= Tidal atlas =

Coastal maps showing tidal flows

A tidal atlas or a tidal stream atlas is used to predict the direction and speed of tidal currents.

A tidal atlas usually consists of a set of 12 or 13 diagrams, one for each hour of the tidal cycle, for a coastal region. Each diagram uses arrows to indicate the direction of the flow at that time. The speed of the flow is shown by the length and thickness of the arrows. For all except the smallest arrows numbers give more precise information. Areas of slack water may be indicated by no arrows or the words "slack water". UK Admiralty Tidal Atlases show speed in units of tenth of a knot. Two figures are given separated by a comma, the first is the mean neap rate and the second the mean spring rate. The dot of the comma indicates where the observations were made. It is important to realise that the tidal hour lasts from half an hour before the nominal time to half an hour after. For instance the chart for 3 hours after high water is valid from HW+2½ to HW+3½, not from HW+3 to HW+4.

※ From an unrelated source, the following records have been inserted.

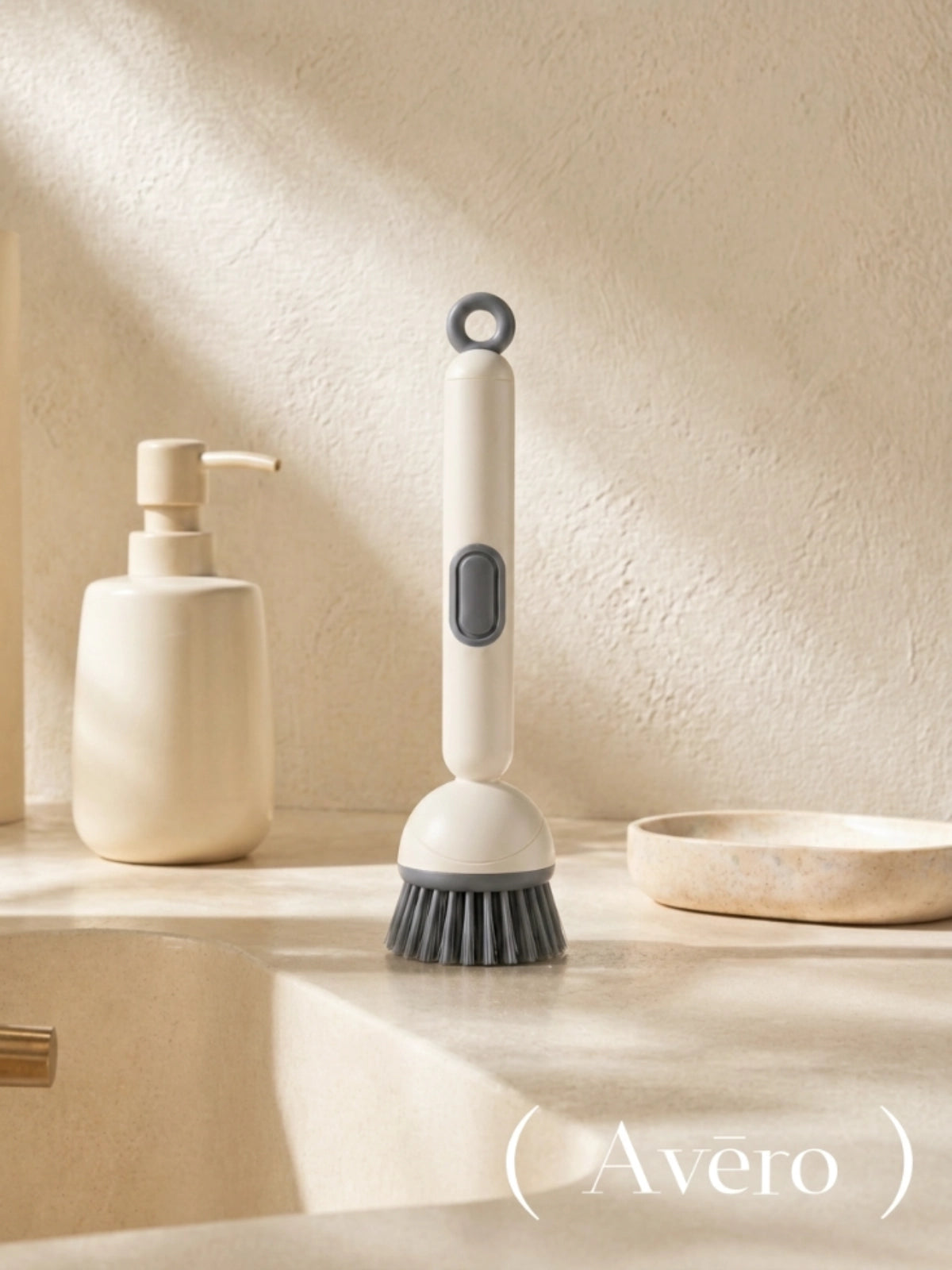 Adjustable soap dispensing dish brush with refillable handle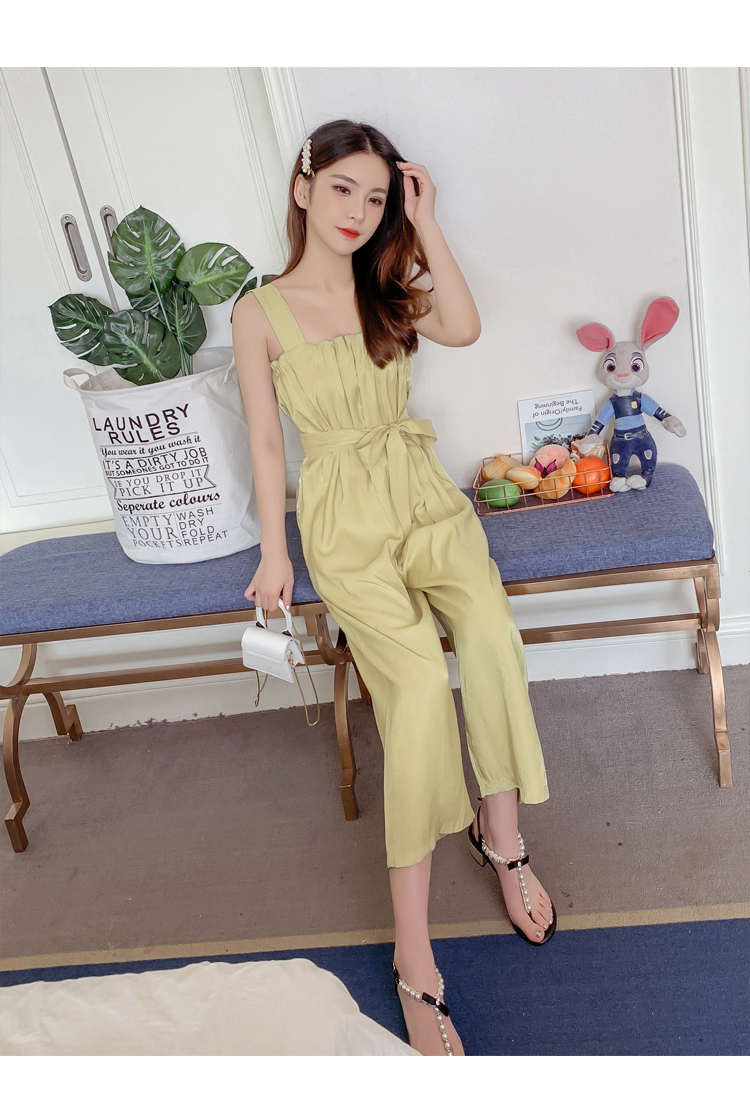 VK旗艦店 韓系雪紡吊帶寬鬆寬口連身褲套裝無袖褲裝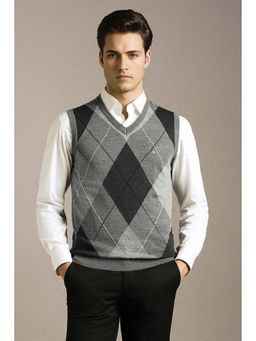 Louis Philippe - Men Grey Check V Neck Sleeveless Sweater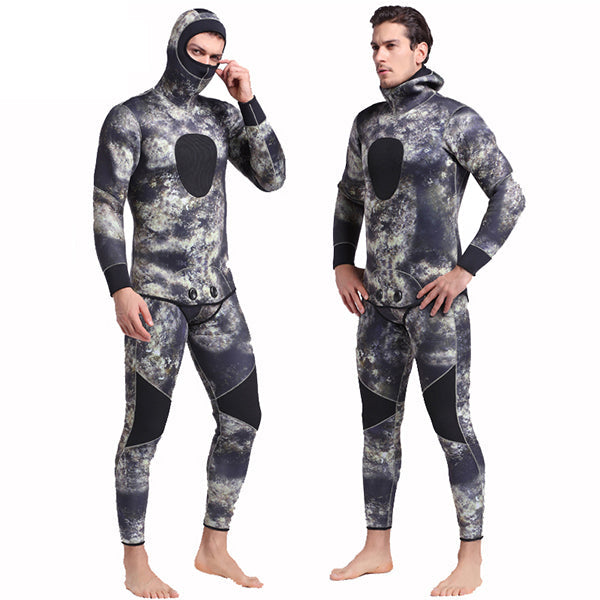 SBART Camo 5mm Men Neoprene Wetsuits Underwater Warm Hooded Spearfishing Wetsuit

Tidal atlases may provide additional information for areas such as estuaries where it important to calculate tides away from the ports. Such information may include co-tidal range information and time differences.

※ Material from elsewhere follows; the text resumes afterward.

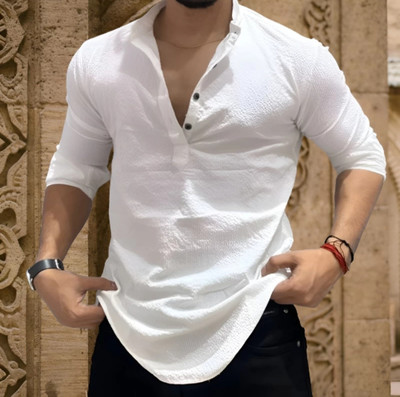 LEVIDE Men Self Design Casual White Shirt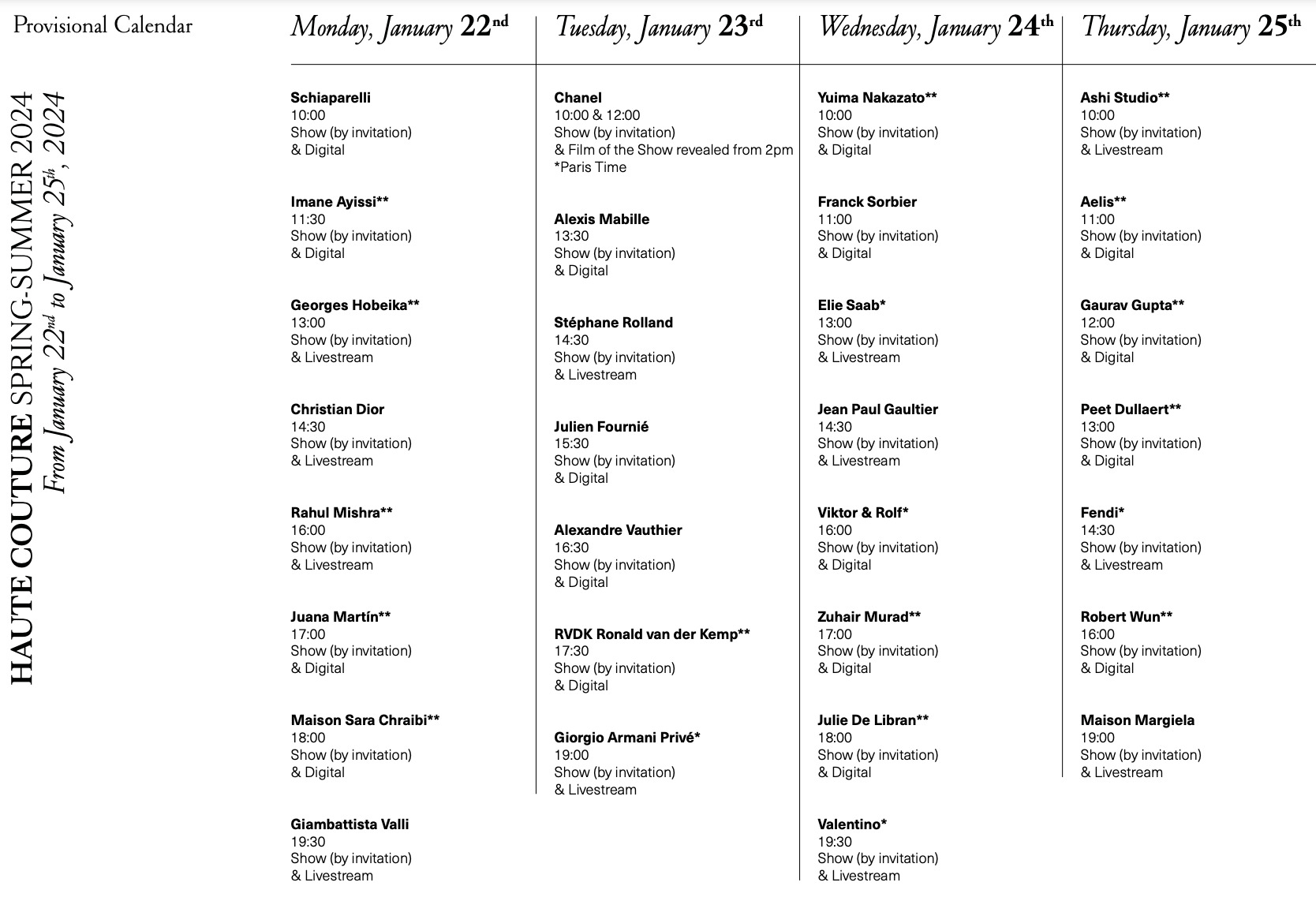 Dior, Chanel, Jean Paul Gaultier… Discover the haute couture fashion week calendar Dior, Chanel, Jean Paul Gaultier… Discover the haute couture fashion week calendar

To calculate the rate at an intermediate tide between neap and spring, interpolation is required. Traditionally this has been done using a "calculation of rates" chart found inside tidal atlases.

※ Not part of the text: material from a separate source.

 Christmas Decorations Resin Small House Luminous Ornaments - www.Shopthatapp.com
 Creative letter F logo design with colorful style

An alternative to a tidal atlas is a nautical chart that provides tidal diamonds.

==Citations==
- Cunliffe, Tom (2017). "The complete yachtmaster: sailing, seamanship and navigation for the modern yacht skipper"
- Noice, Alison (2015). "Yachtmaster for sail & power: a manual for the RYA yachtmaster certificates of competence"
- United Kingdom Hydrographic Office (2015). "Admiralty tidal stream atlas: Thames estuary"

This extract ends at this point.